Este segundo elemento es el que más visiblemente ha sido puesto en crisis por los escándalos de corrupción, que ya se iniciaron en los años noventa con los casos Filesa y Naseiro, pero que han acabado por extenderse y estallar en un big bang de corrupción en los casos Gürtel, Bárcenas, Palau, Pretoria, Pujol, ERE, etcétera. El coincidente afloramiento público de todos estos escándalos ha determinado que el régimen político como un todo haya perdido su legitimidad, entrando en crisis y generando entre los ciudadanos un sentimiento de desafección y profunda desconfianza hacia sus representantes públicos. Ahora bien, si lo contemplamos en perspectiva genética, el incremento de la corrupción es un efecto derivado de la crisis política, y no su causa directa.

En realidad, la raíz última de la crisis hay que buscarla en el otro punto señalado por Morlino como el más determinante: la ruptura del acuerdo de compromiso entre los miembros de la coalición dominante. Este acuerdo comienza por el pacto originario en el que los fundadores del régimen se comprometen a aceptar un determinado reparto del poder y unas precisas formas de resolver los conflictos que puedan surgir entre ellos. Y este acuerdo de compromiso es el que más ha fallado en el régimen de la Transición, por más hipócritamente que se celebre el supuesto espíritu del consenso constitucional. La primera crisis se abrió en 1980, cuando Suárez hubo de dimitir por las conspiraciones internas de UCD y la pinza que contra él formaron PSOE y PP. Superada esa crisis por la nueva hegemonía de González, la siguiente se planteó en los noventa por la segunda pinza que contra él formaron Anguita y Aznar, aunque sólo para que éste impusiera después su propia hegemonía autocrática contra todos los demás. Y desde entonces se ha agravado la división entre los miembros de la coalición dominante, que lejos de acordar sus diferencias las profundizan hasta el extremo de excluir a sus rivales. Es la cultura de la crispación que ha fracturado a la coalición dominante rompiendo sus compromisos mutuos y confiriendo a sus miembros licencia para defraudar a los demás, con la consiguiente secuela de escándalos de corrupción. Y la deriva generada por esta pulsión antagónica ha conducido al actual intento de secesión territorial, terminando por separar definitivamente a los tres firmantes del acuerdo fundacional: conservadores, socialdemócratas y nacionalistas. Hasta el punto de que hoy el régimen carece de coalición dominante, lo que es como quedarse sin centro de gravedad amenazando con desintegrarse.

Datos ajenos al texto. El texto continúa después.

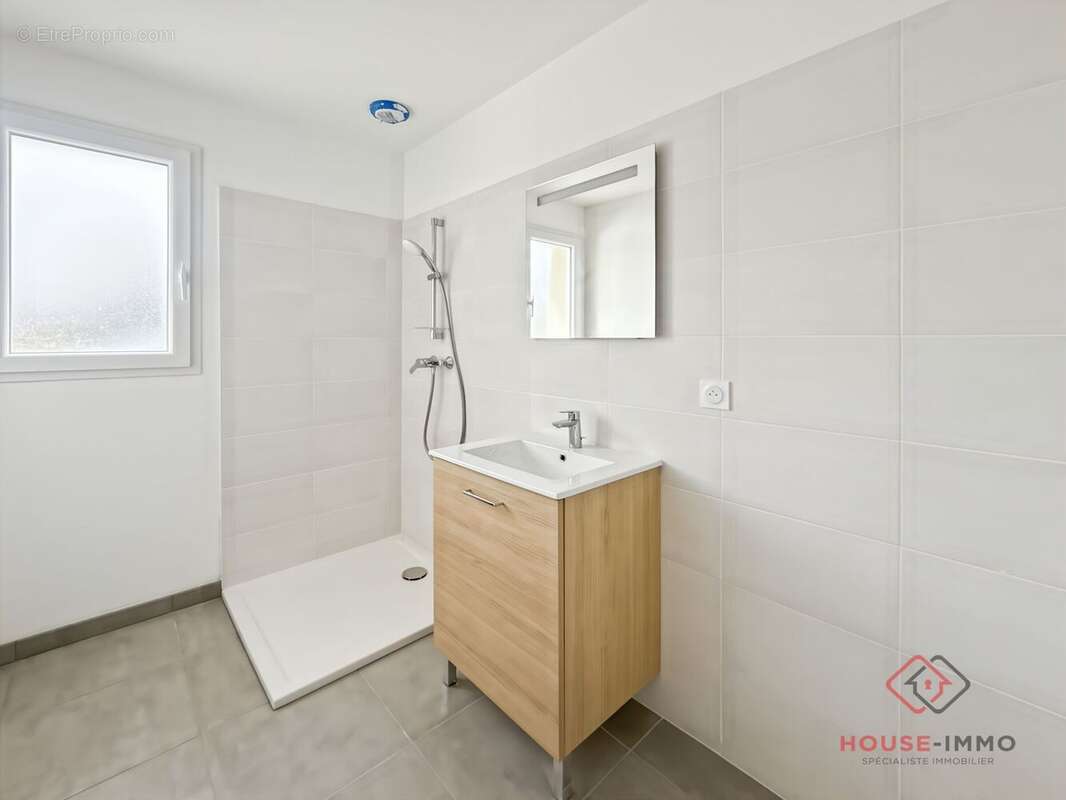 Maison à VIELLE-SAINT-GIRONS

Esta es la causa de la crisis política que padecemos: la permanente confrontación entre los miembros de la coalición dominante, que en lugar de comprometerse a mantener la estabilidad del sistema pugnan por excluir a sus rivales a riesgo de desintegrarlo. De ahí la necesidad de proceder a una urgente recomposición del pacto entre las élites, como condición a priori de cualquier reforma constitucional. Pero como resulta evidente, hoy ese pacto de no agresión resulta imposible, dada la desconfianza insuperable que los enfrenta impidiéndoles llegar a un nuevo modus vivendi. Y esa imposibilidad de renegociar acuerdos todavía se agravará más cuando la ya fracturada coalición dominante tenga que abrirse para poder incluir a la nueva élite procedente de Podemos, cuya cultura política posee idéntica voluntad antagónica y excluyente dada su porfía contra la casta a la que pretende suplantar. Con lo cual la crisis del régimen se agudizará a riesgo de hacerle quebrar, confirmando precisamente aquello mismo que se pretendía demostrar.

Enrique Gil Calvo es catedrático de Sociología de la Universidad Complutense de Madrid.